Thermogravimetric analysis (TGA) of WSBAC at different temperatures is shown in Figure 6. It shows that weight loss consists of two distinct steps. The first stage at the temperature range of (301–353 K) corresponds to a rapid loss of about 16.66% of the sample weight due to non-dissociative physically absorbed water molecules on the surface by hydrogen bonding. The weight loss at this temperature is due to the dehydration of these water molecules. The second weight loss in the temperature range of 353–1066 K is 48.07%, which corresponds to a reduction in carbonaceous residues. From the TGA graph, the weight percentage of walnut shell biomass activated carbon decreased from 100% to 35.27% when the temperature increased from 307.8 to 1066.36 K. The biomass exhibited thermal stability since 35.27% remained as carbonaceous residue even at 1066.36 K. The zero-point charge (pH_zpc) of the adsorbent was found to be at pH 7 (Figure 7). This indicates that the surface of WSBAC will be positively charged at a pH below 7 and negatively charged at a pH above 7.

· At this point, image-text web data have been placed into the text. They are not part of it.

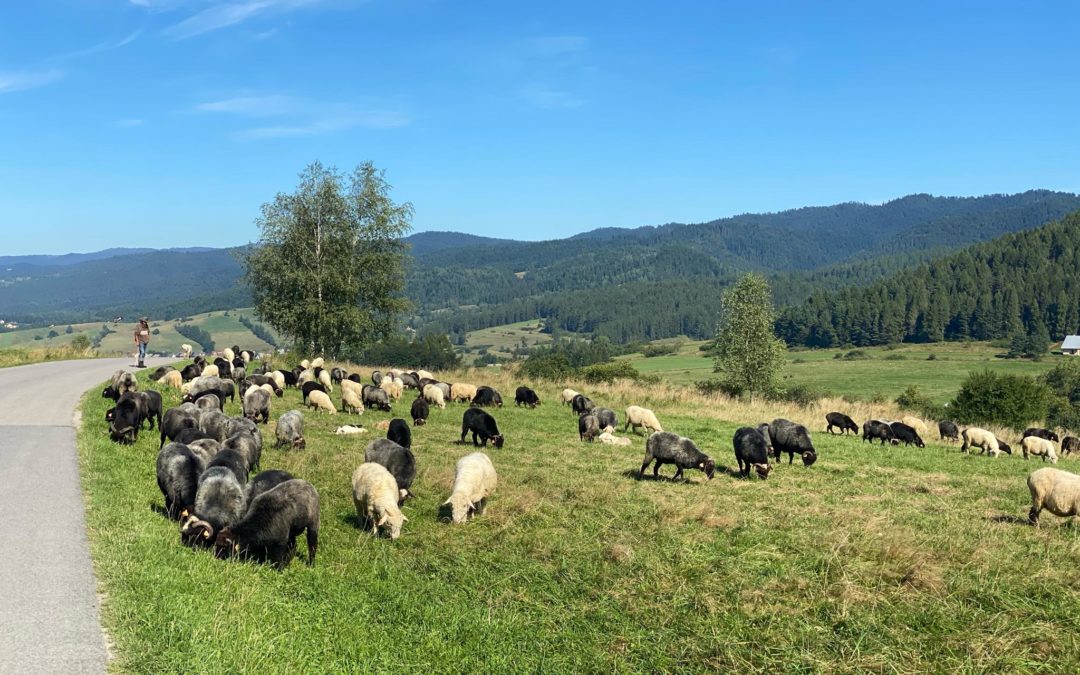 Pieniny na weekend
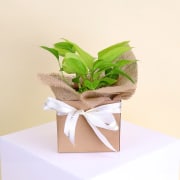 Maggie Plant - Standard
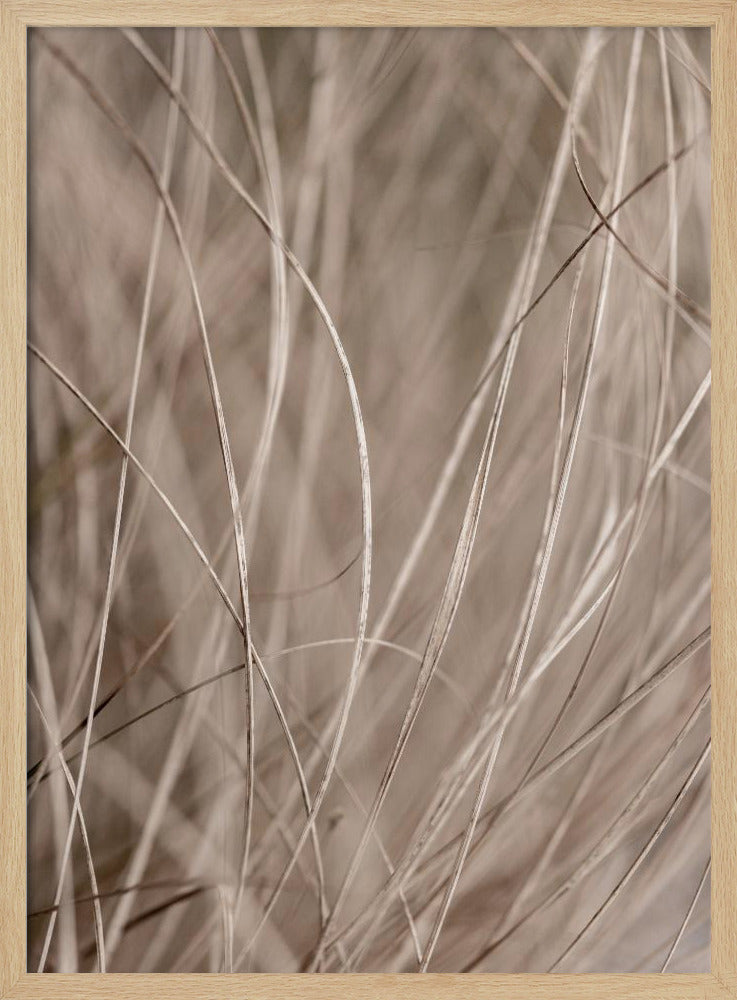 Summer Grass 3 | Poster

2.4. Analysis of Batch Adsorption Studies for the Removal of RBBR Dye from Wastewater

2.4.1. Effect of Initial pH

During the adsorption process, the pH of the solution plays a significant role which can have an impact on the charge of the adsorbent. It can influence the dissociation of functional groups present on the binding sites of the adsorbent. Figure S2 demonstrates that the removal efficiency of RBBR dye decreased from 92.34% to 19.84% by WSBAC over a pH range between 2 and 12. At pH 2, a considerable electrostatic interaction exists between the protonated binding sites of the adsorbent and anionic dye molecules. As the pH of the solution increases, the active sites on the surface of the adsorbent will be deprotonated by the presence of excess OH⁻ ions, hence resulting in the number of negatively charged sites increasing, which may lead to higher electrostatic repulsion between the dye molecules and the surface of the adsorbent. In addition, the lower decolorization efficiency of RBBR observed at basic pH is also due to competition between the excess hydroxyl ions and the negatively charged dye ions for the adsorption binding sites [38].

2.4.2. Effect of WSBAC Adsorbent Dosage

Accounting for a cost-effective system, it is important to evaluate the optimum dosage of adsorbent required to efficiently remove the color from wastewater. The effect of WSBAC dosage on color removal of RBBR was studied by varying the dosage from 2 to 12 g L⁻¹ at pH 2. Figure S3 shows that the decolorization efficiency of RBBR increased from 52.26% to 98.34%, but the dye concentration at equilibrium (C_e) decreased from 83.545 to 2.905 mg L⁻¹ with the increase in the adsorbent dosage from 2 to 12 g L⁻¹. This may be due to increased adsorbent surface area and the availability of more binding sites for the adsorption of RBBR dye molecules [39]. On the other hand, it was found that the equilibrium adsorption capacity, q_e, decreased from 45.73 mg g⁻¹ to 14.34 mg g⁻¹ with the increase in the adsorbent dosage (figure not shown). This is mainly due to the decrease in the flux between the dye concentration in the solution and that at the surface of the adsorbent. Thus, the competition for the availability of active sites for the adsorption of dye decreases with the increase in the adsorbent dosage [4]. This implies that as the number of particles increases, there might be many adsorbent particles in solution, which might cause the overlapping of adsorption binding sites or adsorbed species, causing the particles to aggregate, thereby resulting in reduced adsorption active sites per unit mass of the adsorbent [35].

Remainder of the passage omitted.